When credit cards first came into use, they were something of a novelty. Little did the original issuers or users realize that credit cards would become such a vital part of daily business and personal money management–just imagine trying to purchase airline tickets or make hotel reservations in a distant city with a personal check!
Because the ability to use credit is such a big part of every day transactions, it is essential that you know how to establish credit, maintain a good credit rating, and repair a damaged credit history.
Most young adults should establish a credit history when they start working. One of the best ways to do this is to start with one low-cost bank card which has a low credit limit. While lenders cannot discriminate on the basis of sex, race, or national origin, they can ask about your income, job history, and other matters that may affect your ability to repay a loan.

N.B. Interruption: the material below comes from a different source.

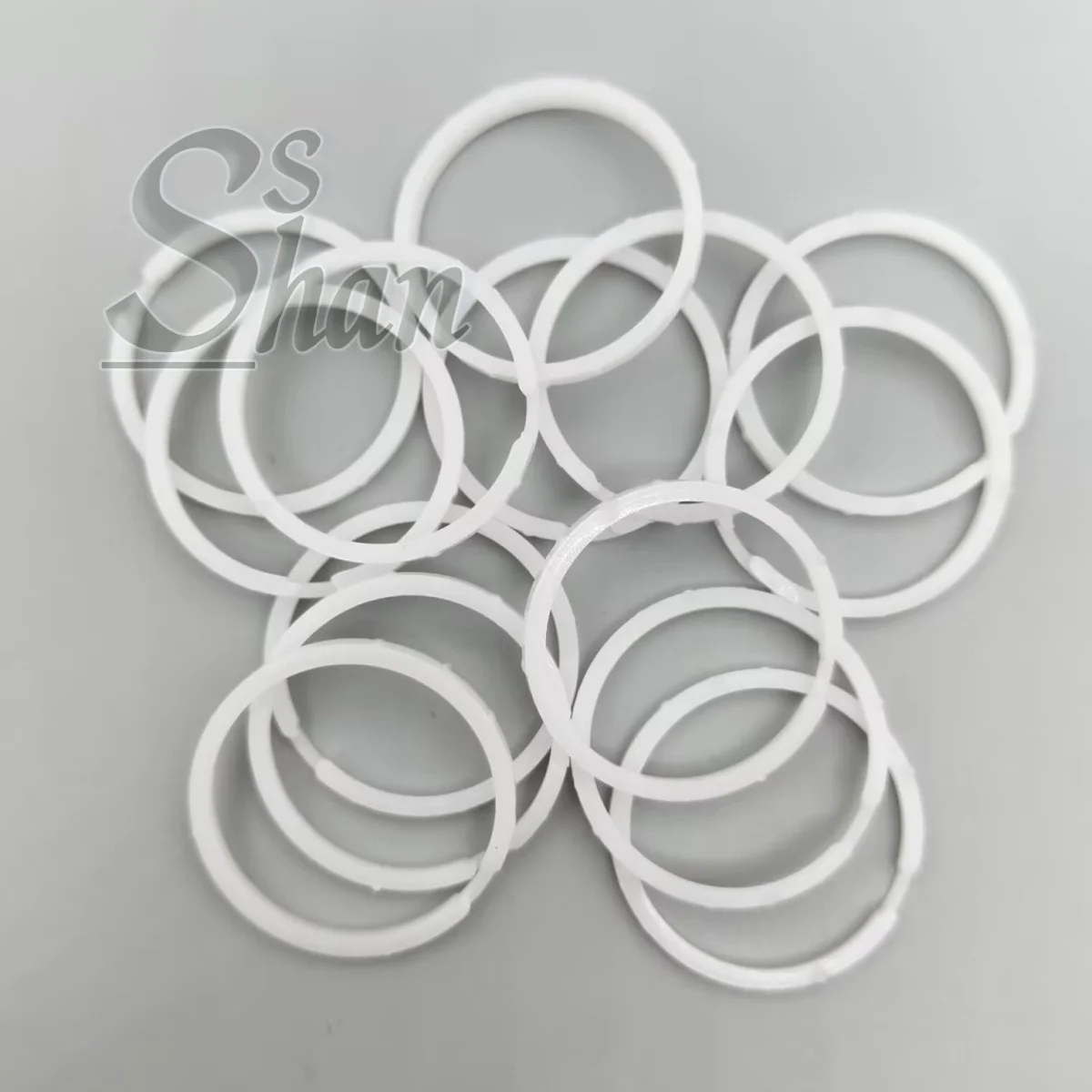 

The plastic gaskets of the PT5000 ETA2824 movement are suitable for replacement parts of 39mm to 40mm cases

Young adults are not the only ones with a need to establish a credit history. Married couples often have joint accounts, and divorce or the death of a spouse can create a need for re- establishing credit. Therefore, it is a good idea for both spouses to establish individual credit histories before events such as death or divorce occur. If you are divorced or widowed, you should report your new status to all your credit card issuers and establish credit in your own name, if you have not already done so.
Maintaining a Good Credit Rating
A credit line is made available based on your ability to repay the amounts borrowed. Maintaining a good credit rating is simply a matter of keeping your end of the bargain–that is, making scheduled payments on time. People get into trouble when they borrow (charge) more than they should–that is, when they can’t meet even minimal monthly payments and fall behind.
Repairing a Damaged Record
Mistakes sometimes show up on a credit record. Those made by a credit bureau are usually easier to correct than those made by a merchant–when the bureau checks with the store, it may report the same incorrect information again. Getting this type of mistake corrected can sometimes be frustrating and time- consuming.
However, unsatisfactory credit records can be the result of credit card abuse by users. If this is the case, it will be up to you to clean up your act. Here’s what you can do:
- Pay off overdue bills–they won’t just disappear.
- Begin making payments on time–reestablish your trustworthiness.
- Get rid of cards you’re not using–if you’re spending has spun out of control, get rid of all your cards (for awhile).
Credit means convenience, but it is a convenience that should not be taken lightly. At some point, many of us will want to borrow for some “big ticket” items such as a car, a home, or to help finance a child’s education. And, those are precisely the times when a bad credit rating could become a big headache. So, make your own history-use credit wisely, and keep your record clean!